Want to learn SpiceDB? Take the intro course

Policy-Based Access Control (PBAC) vs Google Zanzibar: When You Should Use One or the Other

/assets/team/evan-cordell.jpg
November 29, 2023|10 min read

At AuthZed, we are building a platform around SpiceDB - our open-source, ReBAC-based authorization system, inspired by the Zanzibar whitepaper. In the past, we have written about what Zanzibar is, why more businesses are adopting it, and some of the different ways you can implement relationship-based access control (ReBAC) in your own applications.

We have even published our own annotated copy of the Google Zanzibar whitepaper - to make it more accessible, add some outside perspective, and to help illuminate the Zanzibar model independent of Google and Google-scale problems.

But we have not spent much time talking about alternatives to Zanzibar and SpiceDB. Authorization is a field with a long and storied history, and there are several modern alternatives to Zanzibar that come with different trade-offs in terms of performance, deployment topology, and useability.

Understanding where SpiceDB fits in the landscape of authorization is important for anyone evaluating different solutions for authorization.

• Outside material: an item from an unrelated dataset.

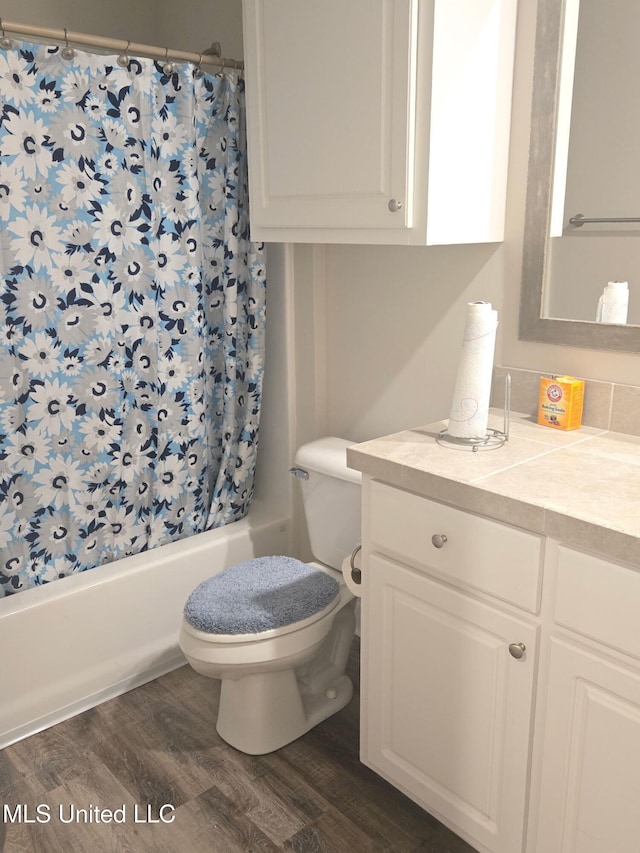 109 Brunswick Cv, Canton, MS 39046 - bathroom with toilet, wood finished floors, shower / bath combo with shower curtain, and vanity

In this post, we are going to focus on one specific class of modern authorization technologies: policy-based access control (PBAC).

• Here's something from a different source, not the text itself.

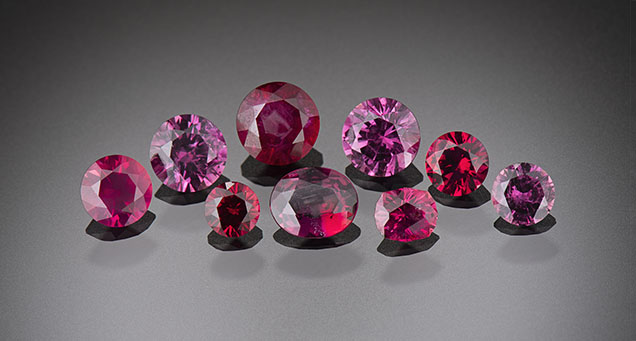 Figure 22. A suite of nine unheated rubies from the Rock Creek deposit ranging from 0.17 to 0.58 ct. Photo by Kevin Schumacher; courtesy of Jeffrey R. Hapeman, Earth’s Treasury, Inc.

If you're not sure what PBAC is, how it differs from SpiceDB and Zanzibar, or when you should use one, the other, or both, then this post is for you.

What is Policy-Based Access Control?

A PBAC solution generally has at least two separate components:

  • A policy engine, a software component that takes policy rules and data as input, and produces authorization decisions as output.
  • A policy language, which is often a simple, declarative language for defining authorization rules.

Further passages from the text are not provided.